Thankfully, some companies realize this is crazy and make a true-up contribution at the end of the year to give you the full employer match, but not all companies do. Make sure you either spread your contributions out throughout the year to get the full employer match or make sure your company will give you a true-up contribution. You don’t want to miss out on free retirement matching dollars.
Vesting Schedules Mean You Don’t Always Earn Your Employer Match Dollars
If you just started a job in the last few years and you’re thinking about leaving for greener pastures, you might be surprised to learn you may not get to take all of your retirement matching dollars with you. Some employers don’t actually give you your employer match dollars right away. While they’re invested just like regular employer match dollars, you only earn the match dollars on a year-by-year basis according to your employer’s vesting schedule.
For instance, some employers allow you to vest 20% per year for five years. At the end of your first year of employment, you’d get to keep 20% of the match dollars you’ve earned, 40% the second year and so on until you earn 100% of the match dollars after year five.
The vesting is retroactive on all match dollars earned, so once you hit year five you get 100% of the previous match contributions and all match contributions going forward. However, if you left after the end of year three, you’d only get to keep 60% of the match dollars contributed to your account to that point.
End of Year Match Contributions Could Result In No Match The Year You Leave Your Job
Not all employers match your retirement contributions each pay period. Instead, some choose to deposit match dollars into your retirement account once per year. For these employers, many require you to be an active employee as of a certain date, such as December 31st, to earn the match for the year. If you leave your job on November 30th, you wouldn’t get a penny of employer match dollars for the year even though you were an active employee contributing for 11 months.
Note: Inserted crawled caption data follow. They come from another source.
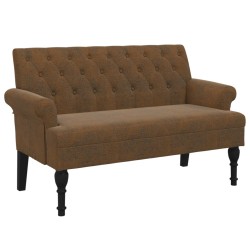 vidaXL Banco con respaldo ante sintético marrón 120x62x75,5 cm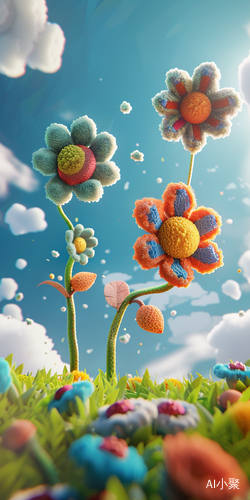 Exaggerated 3D Cartoon Game Scene with Three Colorful Wool Flowers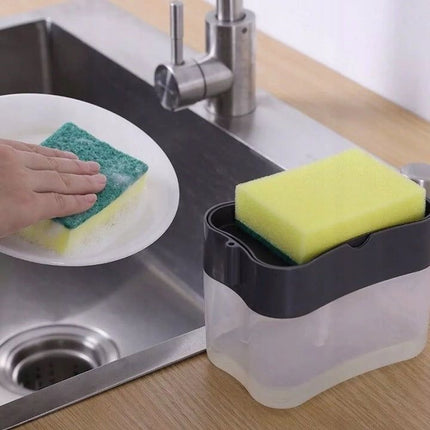 BeeHome Handmatige Afwasmiddel Dispenser met Sponshouder – Zeepdispenser voor Keuken – Trendy, Hygiënisch & Efficiënt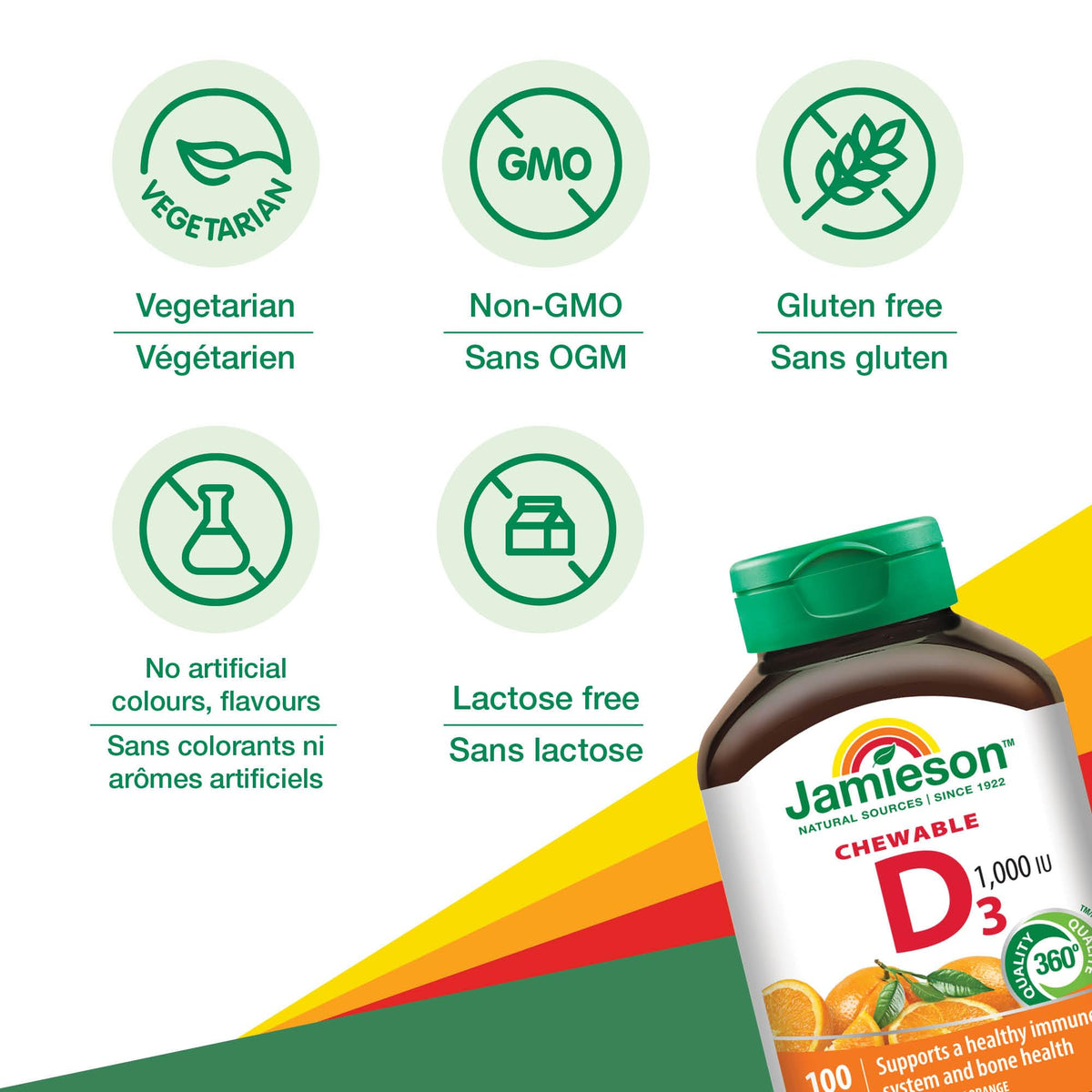 Détail des comprimés à mâcher Jamieson Vitamine D3
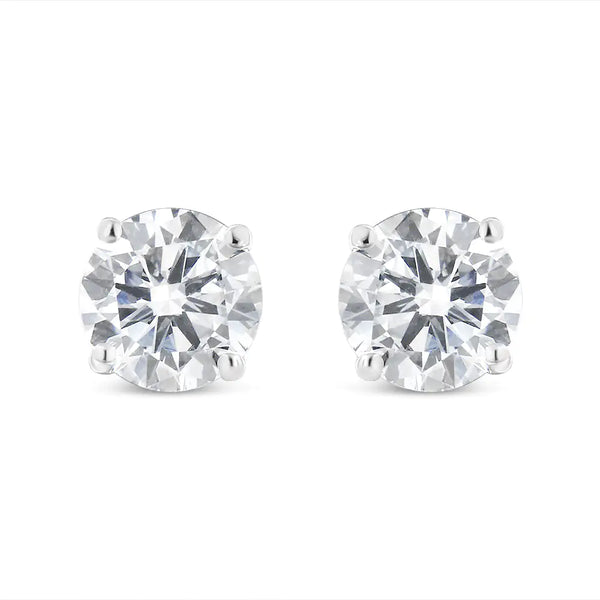 .925 Sterling Silver 1.00 Cttw Round Brilliant-Cut Diamond Classic 4-Prong Stud Earrings with Screw Backs (J-K Color, I2-I3 Clarity)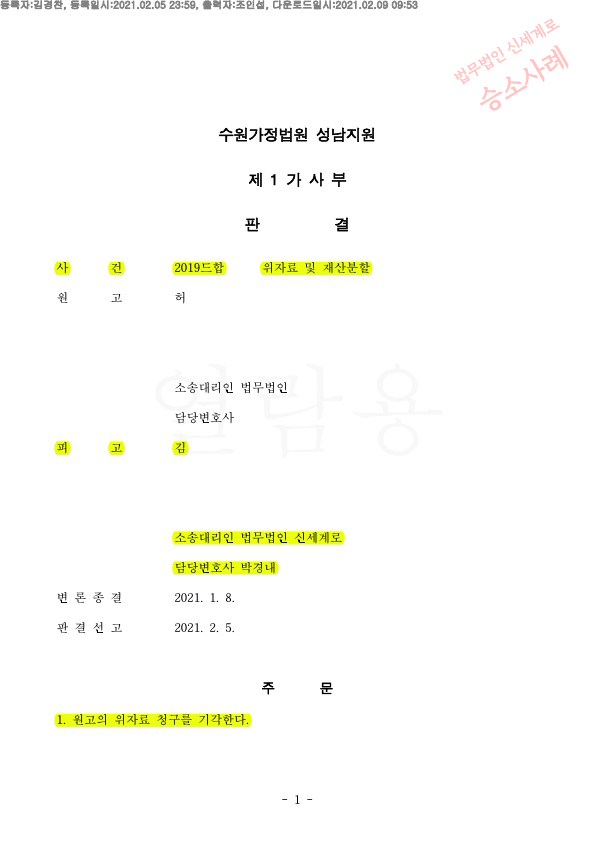 이혼후 상대방의 위자료,재산분할청구, 위자료는 기각, 재산분할은 1억4천만원 감액시키고 승소 — 사례 자료 4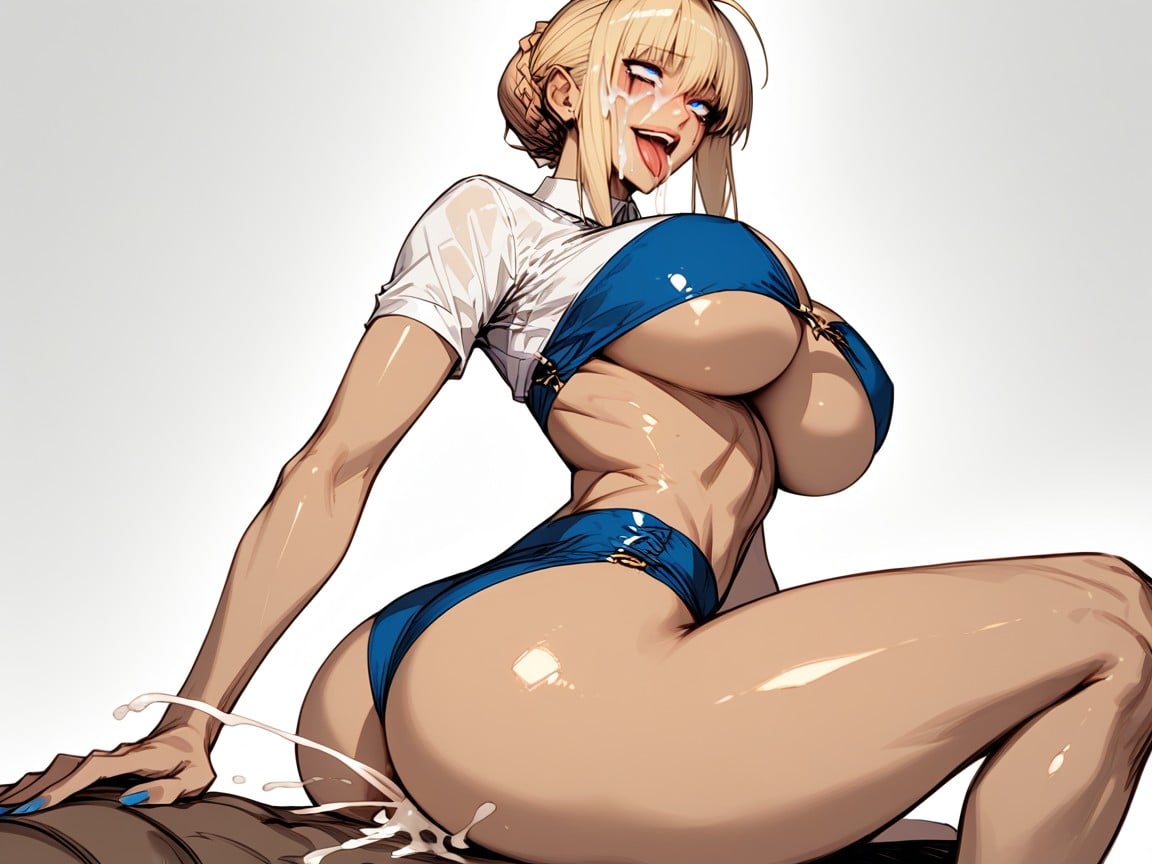 Side View, Cum On Tits, Excessive Cum On Face Hentai AI Porn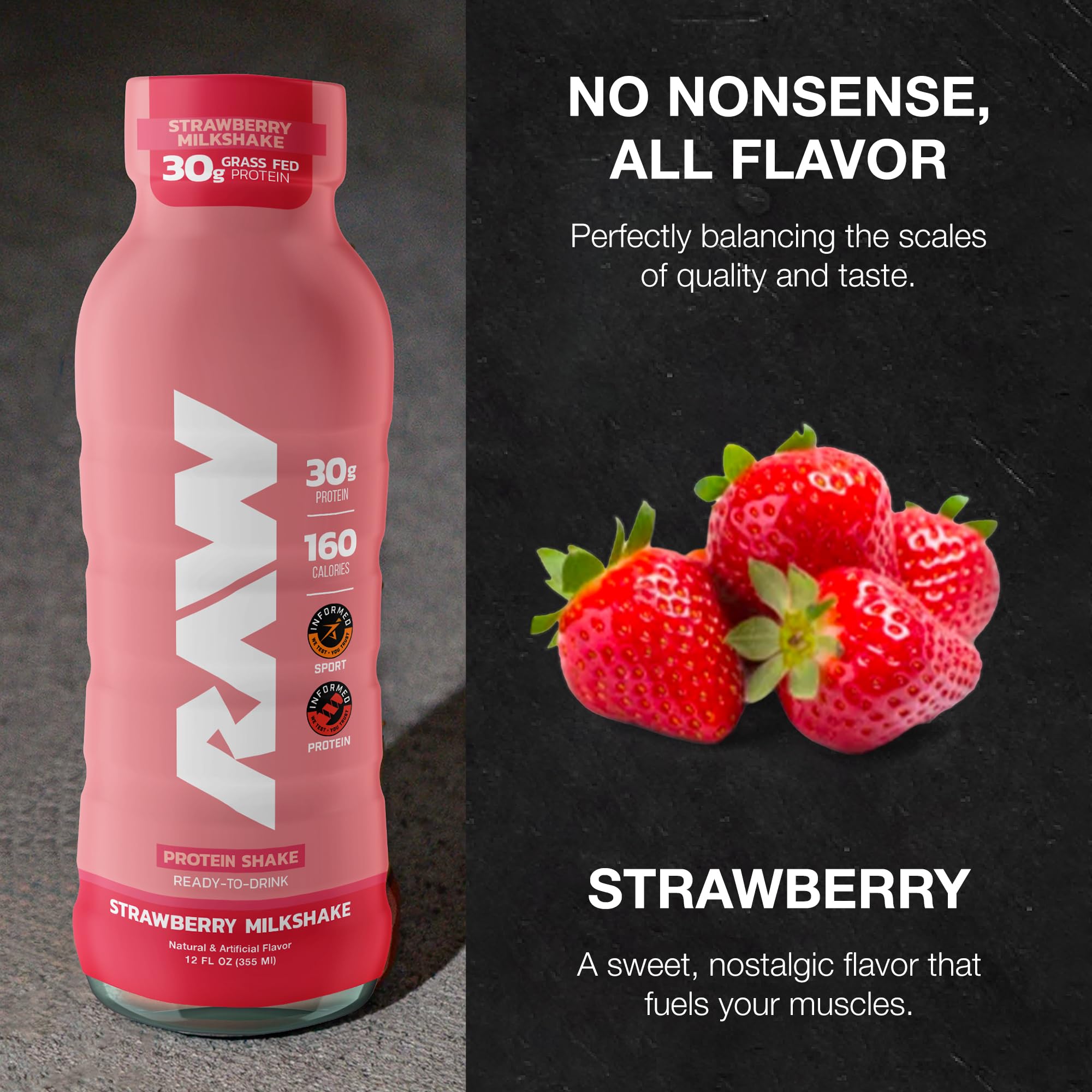 RAW batido de proteína fresa para verter en vaso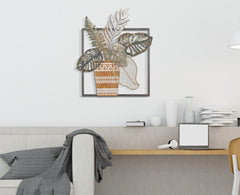 Panneau mural décoratif en métal Vaso 3D avec cadre carré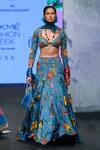 Buy_Mahima Mahajan_Blue Organza Satin Printed Floral Leaf Neck Lehenga Set _at_Aza_Fashions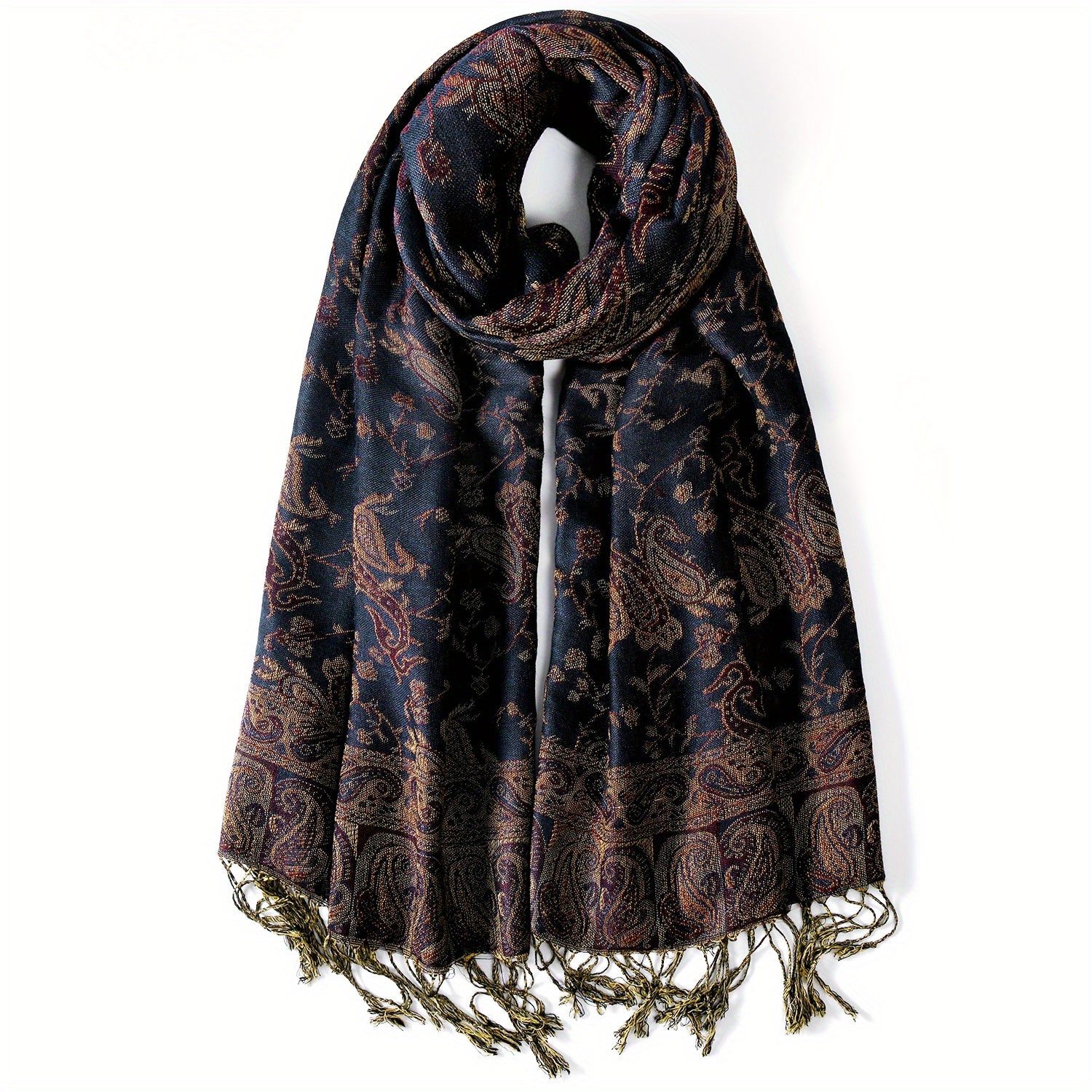 Women's Cashmere-Feel Scarf with Fringed Shawl Wraps Soft Warm and Breathable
Not All Employers Match Catch-Up Contributions
People age 50 and older can contribute extra money in most workplace retirement plans. The extra money is called catch-up contributions. The catch with these types of contributions is that not all employers will match them. This is another scenario when maxing out the regular portion of your workplace retirement plan early in the year could hurt you. Make sure to check with your plan to see how catch-up contribution matching would work. Then figure out a way to get that match so you can max out your catch-up contribution too.
Related: My Late Journey To FI
Recheck Your Contributions Annually
Once you’ve done everything to get your employer match set up, the key part is not to just forget about it. You should check in once every year to make sure the rules for your plan haven’t changed. At that time, ask questions to make sure you’ll still get the full employer match. If the retirement plan contribution limits have increased for your plan, you should then increase your contributions to continue maxing out your retirement account.
Related: Your End Of Year Investing Checklist
While contributing to a workplace retirement plan should be easy enough that anyone could understand it, many plans have complicated rules when it comes to the employer match. It’s your responsibility to understand all the ins and outs of your plan’s employer match to make sure you don’t miss out on anything. If you don’t understand something, ask your company rep. Who knows? A few minutes with that person and a few key answers might end up saving you a lot of money!